Hier lernen wir auch unseren Protagonisten kennen, der Nico heißt (Javier Bódalo) und die Jungfrau aus dem Titel ist (der spanische Originaltitel, der übrigens leinwandfüllend, in sehr ansprechend gestalteten Lettern vor rotem Hintergrund eingeblendet wird, was wiederum sehr schön ist, verrät übrigens, anders als seine deutschen oder englischen Übersetzungen, bereits, dass es sich um eine männliche Jungfrau handelt). Nico ist auf der Suche nach einer Frau, tanzt dann zunächst auch mit einer, die jung und attraktiv, aber auch so breit ist, dass die beiderseitige Annäherung abrupt damit endet, dass sie auf die Tanzfläche kotzt. Schließlich geht er, der mit seinem schiefen Blick und seinem sonderbaren Gebiss nicht eben als Schönheit zu bezeichnen ist, nun doch mit einer Frau mit, die aber nun bedeutend älter ist als er.

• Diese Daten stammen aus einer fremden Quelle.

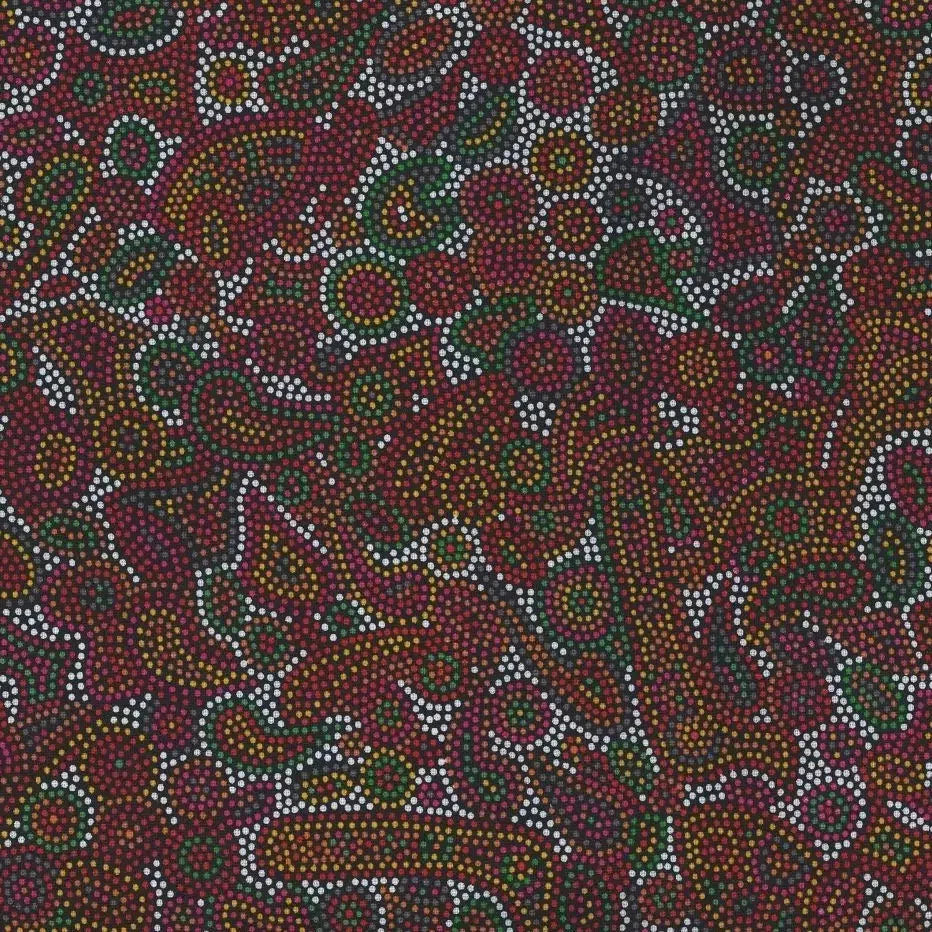 Seashell Dreaming Red Aboriginal Fabric-M & S Textiles Australia-My Favorite Quilt Store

Als sie in ihrer Wohnung ankommen, wird es dann schnell so weird, wie es schon der Vorspann vermuten ließ, auch wenn uns dieser sicherlich nicht vollends auf die geballte Sonderbarkeit vorbereiten konnte, die uns erwartet – ich glaube, nichts könnte das. In ihrer Wohnung also gibt sie ihm zunächst die Anweisung, nicht auf die Kakerlaken zu treten, die hier überall über den Boden flitzen, das bringe nämlich Pech. Dass er dann doch auf eine tritt, der Film zeigt uns die zertretene Kakerlake, die er sich nun von seinem Schuh abpult und in seine Hosentasche steckt, im Close-Up, ist wohl der Grund für das, was ihm im weiteren Film widerfahren wird, wenn es denn dafür irgendeines Grundes bedarf.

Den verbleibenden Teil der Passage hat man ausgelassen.